Channel 2 TV played a recording of a phone call it said came from the attacker. “I have two hostages,” he said in Hebrew. “I will blow up the embassy. If they don’t let me leave this country now I will burn down the whole building. I will burn everything. I will burn the cars, the doors I will break down the doors. I will break everything.”
Late Tuesday, the Turkish government said it had the situation in hand. “Our embassy guards neutralized the individual as he tried to take the vice consul as hostage after shouting around for asylum,” a Turkish statement said, adding that the man was armed with a knife, a gasoline can and a gun that turned out to be a toy.
Injaz said he admired Turkish Prime Minister Recep Tayyip Erdogan. “I love him and I respect him,” he said. The Turkish leader “should give me political asylum against these murderers the Zionists, the murdering Jews,” he added, linking the incident indirectly to recent tensions between Israel and Turkey.
Injaz’s lawyer, Avital Horev, said his client was a former member of Israel’s Shin Bet domestic security agency. Horev said Injaz was also wanted by the Palestinian authorities.
Medical sources said he had been shot in the leg and sustained light wounds, after which he was taken to Tel Aviv’s Ichilov hospital. “I saw my client in the hospital during the night,” Horev told public radio. “During the 1990s and the early part of this decade, he stopped Palestinian attacks, saving many lives of both soldiers and Israeli citizens, but the Shin Bet, from whom he asked for protection, refused to recognize their responsibility towards him,” he said.

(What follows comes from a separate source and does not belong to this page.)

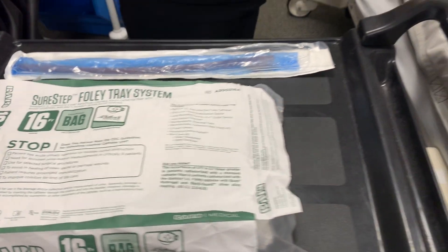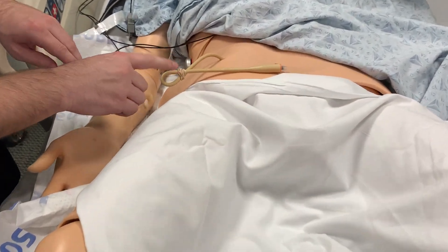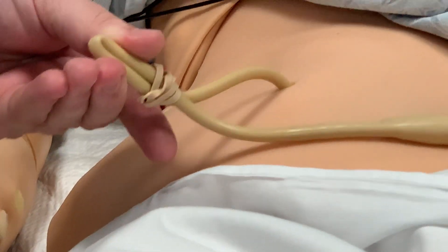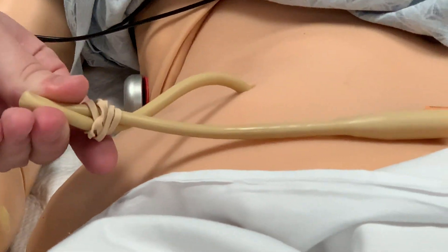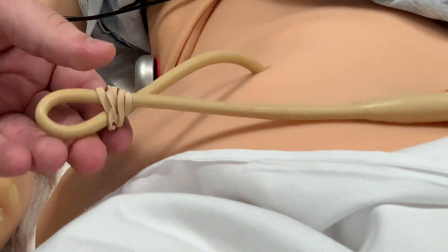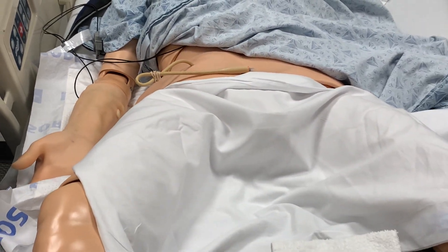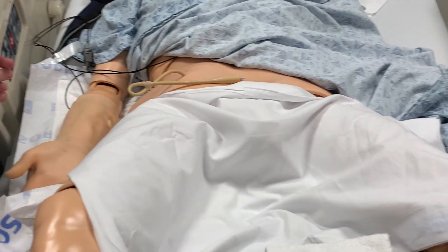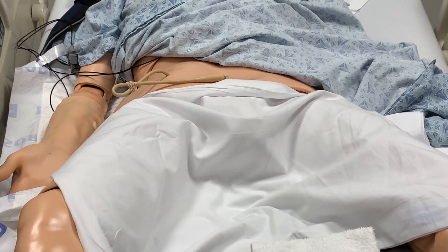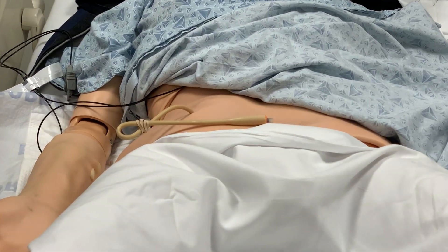To start, we'll have to remove the existing suprapubic tube. The first thing you want to do is clamp the tube. You can clamp it with an alligator clip — in this case we're using a rubber band — whatever you have that can clamp the catheter without breaking the tubing itself. We want to leave it clamped for about 30 minutes. That's to allow urine to fill the bladder, so that when we insert the new suprapubic tube, we get urine return and we're sure that it's in the right spot.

However, Shin Bet denied having anything to do with Injaz. “Nadim Injaz never worked for us and his case is being dealt with by the police,” a Shin Bet spokesman told AFP.
The failed attempt to seek asylum arose from a threat that would be posed on Injaz’s life if he were to return to the Palestinian territories, his lawyer claimed. “The Palestinian Authority has signed a death warrant against Nadim Injaz,” said Horev. Horev also claimed that his client had been released from an Israeli jail only three weeks ago after serving time for theft and staying in Israel illegally. Palestinian security officials contacted by AFP denied knowing anyone of that name from Ramallah.
Israel-Turkey relations have been strained over the May 31 Israeli attack on an international flotilla that was trying to break Israel’s blockade of the Gaza Strip. The raid killed eight Turks and one American citizen of Turkish descent who were among hundreds of pro-Palestinian activists on board boats carrying aid. Many Palestinians have expressed support for Turkey in the aftermath.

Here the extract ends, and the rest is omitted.